The protest on the 16th of February, attended by tens of thousands of Hungarians – according to some sources even more than 100,000 – was clearly more intense than the teachers’ walkout a few weeks earlier, when they were unhappy with pay levels and the government’s plans to strip them of their civil servant status. The recent protests in Hungary – a country where the population has hardly taken to the streets in the last decade, and could even be described as indifferent to the political environment or rather distrustful that the system could change – are a first. And this is especially so given that these demonstrations were organised by influencers, who left their virtual environment and organised something concrete in the real world.

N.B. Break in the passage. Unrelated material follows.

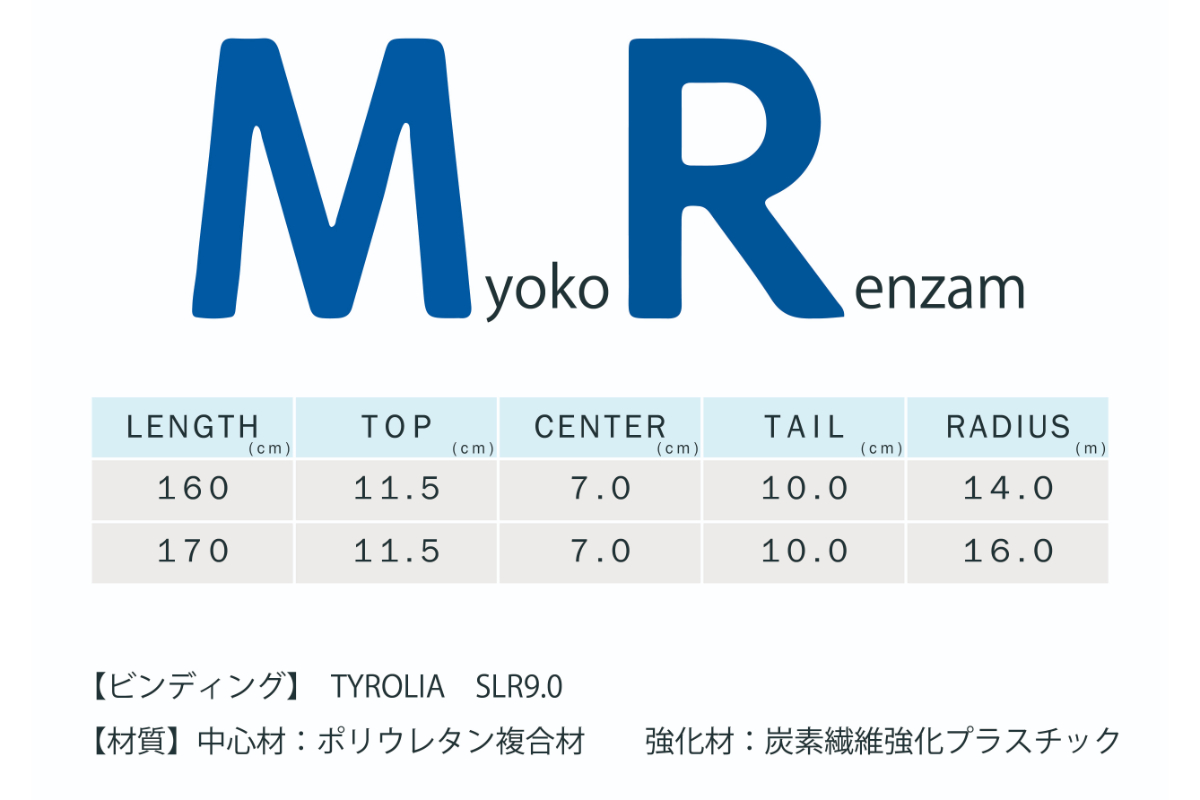 妙高連山スキー MR (MyokoRenzan) (170cm)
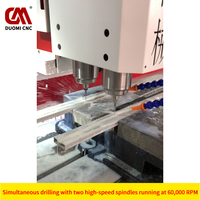 Machine de perçage à double broche CNC haute vitesse pour petits trous, perçage simultané à deux broches pour une efficacité de précision industrielle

It is a well-known fact that little of Budapest’s media has remained truly independent after the last decade of measures taken by consecutive governments led by Viktor Orban. The influencers behind these protests are voices critical of the Orban regime and are trying to balance the scales against the centrally-funded press through a state foundation, the only chance of survival for the Hungarian media at a time when foreign media trusts, which invested heavily in the Hungarian press after the 1990s, have gradually withdrawn after 2010.

 

But the balance seems hard to strike.  While foreign – and some Hungarian – journalists have claimed that the protesters’ anger is directed against Prime Minister Viktor Orban, his government and his party, FIDESZ – responsible at least for appointing two of the controversial figures to office – Novak and Varga – the Viktor Orban-friendly press has portrayed the protest as one for the protection of children. And this at a time when Viktor Orban announced after Novak’s resignation that he would take even tougher measures to punish paedophiles. In other words, the rally could easily have been seen as a rally in support of Viktor Orban’s promised power and measures.

However, other questions remain about this latest scandal in Budapest. The pardon act was signed by former President Novak a year before the scandal broke, and apparently came to light by chance when the man in question applied to the Supreme Court to clear his record, including the pardon act, which was public. It is also unclear what the man’s relationship was with the head of the Hungarian Reformed Church, Zoltan Balogh, who is accused of having interfered with President Novak in the pardon. What is certain is that Katalin Novak is not the first president propelled into office by Viktor Orban to resign mid-term.  Like her, in 2012, just two years into his tenure as Hungary’s president, Pal Schmitt was forced to resign following a mega plagiarism scandal.  At the time, former competitive athlete and former president of the Hungarian National Olympic Committee, Schmitt did not take resignation as lightly as Katalin Novak, despite pressure from the street, with Hungarian students demanding his resignation in street protests after the plagiarism verdict by the supreme academic body. Incidentally, the protest on the 16th of February this year took place a week after Hungary’s president resigned from office.

There is another link – coincidental or not – between the two resignations: at the origin of both is the same press site, the successor of an economic weekly of the 1980s, owned for a time by a foreign trust and which, after its withdrawal from Hungary “returned to the old ownership”.